Task description:
In the records below, which lines include "Samsung"? Copy them.
□ □ □ □ □
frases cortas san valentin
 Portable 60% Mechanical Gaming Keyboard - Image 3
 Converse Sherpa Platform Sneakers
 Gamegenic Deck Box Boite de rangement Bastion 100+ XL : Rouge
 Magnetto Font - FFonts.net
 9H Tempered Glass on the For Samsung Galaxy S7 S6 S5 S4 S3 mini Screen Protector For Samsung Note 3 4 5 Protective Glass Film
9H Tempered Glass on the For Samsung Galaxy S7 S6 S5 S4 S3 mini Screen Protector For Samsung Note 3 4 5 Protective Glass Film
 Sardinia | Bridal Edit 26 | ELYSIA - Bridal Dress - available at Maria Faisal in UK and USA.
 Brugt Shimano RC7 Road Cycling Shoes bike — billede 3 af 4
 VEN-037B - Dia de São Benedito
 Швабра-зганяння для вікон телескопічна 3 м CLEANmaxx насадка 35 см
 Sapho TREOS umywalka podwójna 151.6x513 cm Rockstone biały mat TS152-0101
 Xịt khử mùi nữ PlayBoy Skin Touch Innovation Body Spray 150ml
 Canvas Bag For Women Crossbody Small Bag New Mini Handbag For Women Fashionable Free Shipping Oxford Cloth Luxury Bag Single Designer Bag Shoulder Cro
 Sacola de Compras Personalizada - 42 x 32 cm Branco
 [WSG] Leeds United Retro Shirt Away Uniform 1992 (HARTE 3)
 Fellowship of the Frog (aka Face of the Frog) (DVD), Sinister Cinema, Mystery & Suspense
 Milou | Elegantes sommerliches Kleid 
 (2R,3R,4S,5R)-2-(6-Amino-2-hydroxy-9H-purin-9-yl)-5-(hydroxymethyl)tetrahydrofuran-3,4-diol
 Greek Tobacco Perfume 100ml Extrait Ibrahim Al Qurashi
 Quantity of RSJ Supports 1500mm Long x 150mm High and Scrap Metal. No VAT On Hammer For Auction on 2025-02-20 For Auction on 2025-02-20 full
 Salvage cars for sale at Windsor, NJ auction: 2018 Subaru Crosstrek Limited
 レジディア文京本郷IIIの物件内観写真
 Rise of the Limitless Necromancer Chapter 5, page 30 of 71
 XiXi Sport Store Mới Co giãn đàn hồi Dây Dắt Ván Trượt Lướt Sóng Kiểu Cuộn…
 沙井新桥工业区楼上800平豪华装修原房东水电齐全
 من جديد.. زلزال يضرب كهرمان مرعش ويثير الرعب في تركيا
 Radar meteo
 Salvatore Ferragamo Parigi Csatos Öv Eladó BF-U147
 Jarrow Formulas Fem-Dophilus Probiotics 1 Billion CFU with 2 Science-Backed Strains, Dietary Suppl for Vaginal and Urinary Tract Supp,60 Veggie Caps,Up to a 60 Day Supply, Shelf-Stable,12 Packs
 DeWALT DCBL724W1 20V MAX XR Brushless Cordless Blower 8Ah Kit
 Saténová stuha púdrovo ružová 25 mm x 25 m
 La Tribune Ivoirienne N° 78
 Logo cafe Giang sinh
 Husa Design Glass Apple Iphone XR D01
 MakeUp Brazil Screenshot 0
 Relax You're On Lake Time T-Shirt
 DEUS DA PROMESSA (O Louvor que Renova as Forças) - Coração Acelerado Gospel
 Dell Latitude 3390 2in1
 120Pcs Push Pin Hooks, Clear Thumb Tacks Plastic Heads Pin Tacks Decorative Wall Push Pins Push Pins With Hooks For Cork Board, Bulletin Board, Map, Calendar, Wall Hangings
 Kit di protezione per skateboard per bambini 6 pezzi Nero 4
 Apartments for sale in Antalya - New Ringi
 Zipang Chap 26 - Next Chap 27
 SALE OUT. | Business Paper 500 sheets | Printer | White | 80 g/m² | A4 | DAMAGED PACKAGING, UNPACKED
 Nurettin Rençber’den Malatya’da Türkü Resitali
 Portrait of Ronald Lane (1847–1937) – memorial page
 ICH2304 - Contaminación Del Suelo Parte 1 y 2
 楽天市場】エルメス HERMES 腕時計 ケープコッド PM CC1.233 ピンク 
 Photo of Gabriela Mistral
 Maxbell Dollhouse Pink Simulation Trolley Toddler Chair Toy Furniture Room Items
□ □ □ □ □
Expected answer:
 9H Tempered Glass on the For Samsung Galaxy S7 S6 S5 S4 S3 mini Screen Protector For Samsung Note 3 4 5 Protective Glass Film
9H Tempered Glass on the For Samsung Galaxy S7 S6 S5 S4 S3 mini Screen Protector For Samsung Note 3 4 5 Protective Glass Film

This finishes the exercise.